Soybeans Outlook Relies On China’s Ravenous Appetite

April 27, 2015

 

 

Two Big Drivers Of Demand

GDP and population growth (on a global, regional country levels) can probably be considered as the two most important long-term drivers of demand for soybean meal and oil.

Therefore, any slowdown in China’s economic growth is likely to have some impact on both the global and the U.S. soybean market, not least in terms of a possible slowdown in the growth of its soybean imports. If the country maintains its appetite for soybeans, then one of the most important factors for domestic U.S. producers and U.S. exports will be the value of the U.S. dollar and the extent to which its competitors in the market can take advantage of this.

No brief look at some of the factors affecting the soybean market—in this case, soymeal and soybean oil—should omit two other areas. First dried distillers grains (DDGs): DDGs are the nutrient-rich co-product of dry-milled ethanol production, used extensively as a feed ingredient. They have, with varying degrees of effectiveness, been competitors to soymeal’s use in the U.S.

Second, canola, palm and sunflower oil have also been contenders against soybean oil. But depending on how the market’s looking at any particular time, soybean oil can also be seen by them as a contender.

 

USDA Prospective Plantings Report

The findings for soybeans were pleasantly surprising: “Soybean planted area for 2015 is estimated at record high 84.6 million acres, up 1 percent from last year. Compared with last year, planted acreage intentions are up or unchanged in 21 of the 31 major producing States.”

The 84.6 million acres figure was 1.3 million acres below the average trade estimate of 85.9 million acres. Some thought such a small increase a good sign for the crop.
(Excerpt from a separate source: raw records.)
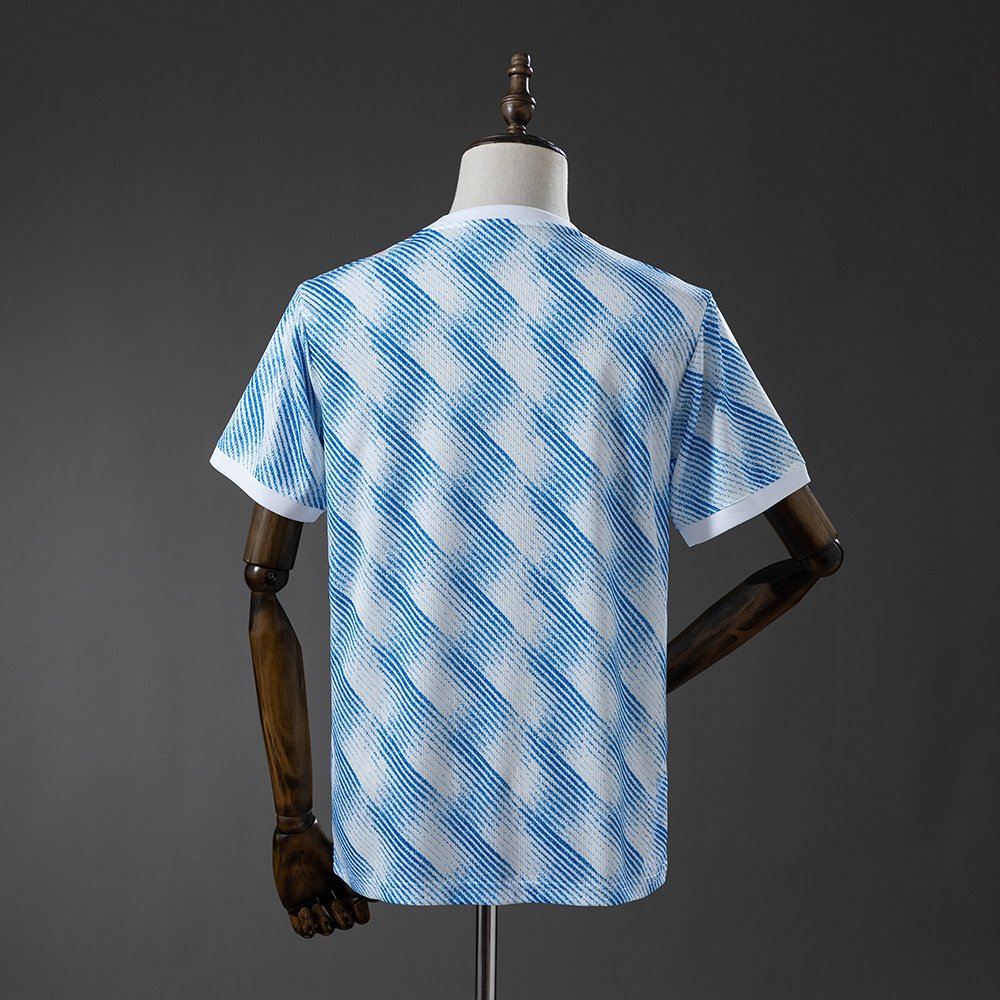 Manchester United - 21/22 - Away - Image 2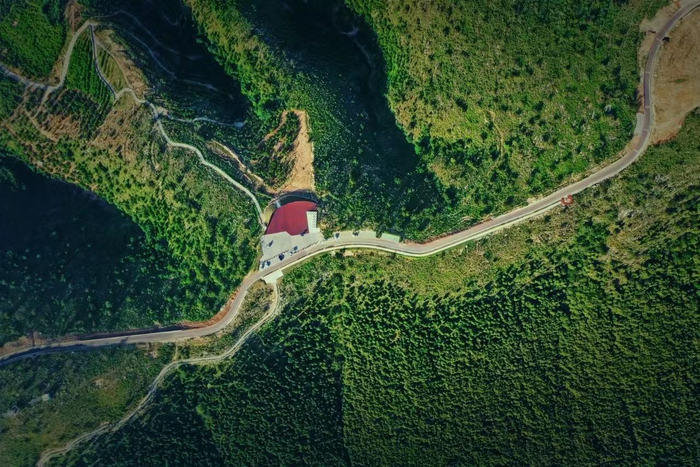 蜿蜒起伏的“皖北川藏线”一景。本报通讯员 王彦启 摄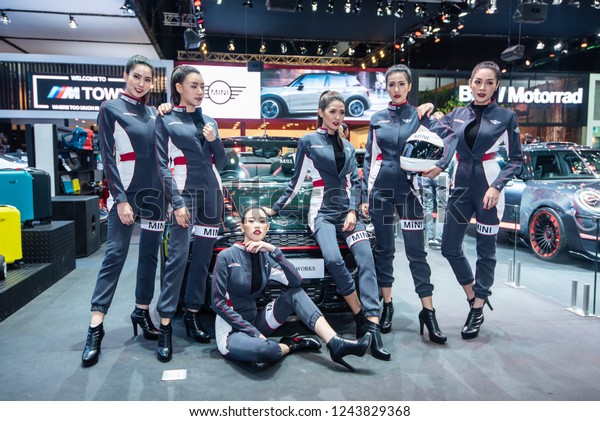 BANGKOK - November 28, 2018 :\
Unidentified model with Mini car on display at The Bangkok\
International Motor Expo 2018 on November 28, 2018 in Bangkok,\
Thailand.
Inventories at the beginning of March were 1.334 billion bushels. Albeit 34 percent, or 994 million bushels, up on the previous year, this figure was below analysts’ expected figure of 1.348 billion bushels—another encouraging sign.

One conclusion that could be drawn from the inventory figures is that the stronger U.S. dollar may not be hurting exports as much as it could. The big question going forward is whether China’s appetite for the bean remains unabated.

For a producer of which it can be said, once again, that “[t]hus far during the marketing year, nearly one out of every four bushels of soybeans produced, or 13 bushels per acre, has been shipped to China,” the country’s remaining ravenous is quite important.